The answer should be every line below, retyped exactly.

* Source data *

************

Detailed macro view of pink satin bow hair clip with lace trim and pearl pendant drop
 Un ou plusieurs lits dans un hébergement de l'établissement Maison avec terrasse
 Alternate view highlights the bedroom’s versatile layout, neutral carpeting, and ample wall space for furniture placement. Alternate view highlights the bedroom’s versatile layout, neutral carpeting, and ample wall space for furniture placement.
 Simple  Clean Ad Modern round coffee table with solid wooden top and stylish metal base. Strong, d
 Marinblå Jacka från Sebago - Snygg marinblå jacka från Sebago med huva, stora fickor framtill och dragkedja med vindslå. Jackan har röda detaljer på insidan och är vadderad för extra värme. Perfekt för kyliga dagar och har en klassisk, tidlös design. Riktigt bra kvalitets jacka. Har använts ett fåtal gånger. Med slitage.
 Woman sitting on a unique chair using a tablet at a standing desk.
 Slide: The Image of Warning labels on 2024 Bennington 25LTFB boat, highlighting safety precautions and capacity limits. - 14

************

* Solution to the exercise *
Detailed macro view of pink satin bow hair clip with lace trim and pearl pendant drop
 Un ou plusieurs lits dans un hébergement de l'établissement Maison avec terrasse
 Alternate view highlights the bedroom’s versatile layout, neutral carpeting, and ample wall space for furniture placement. Alternate view highlights the bedroom’s versatile layout, neutral carpeting, and ample wall space for furniture placement.
 Simple  Clean Ad Modern round coffee table with solid wooden top and stylish metal base. Strong, d
 Marinblå Jacka från Sebago - Snygg marinblå jacka från Sebago med huva, stora fickor framtill och dragkedja med vindslå. Jackan har röda detaljer på insidan och är vadderad för extra värme. Perfekt för kyliga dagar och har en klassisk, tidlös design. Riktigt bra kvalitets jacka. Har använts ett fåtal gånger. Med slitage.
 Woman sitting on a unique chair using a tablet at a standing desk.
 Slide: The Image of Warning labels on 2024 Bennington 25LTFB boat, highlighting safety precautions and capacity limits. - 14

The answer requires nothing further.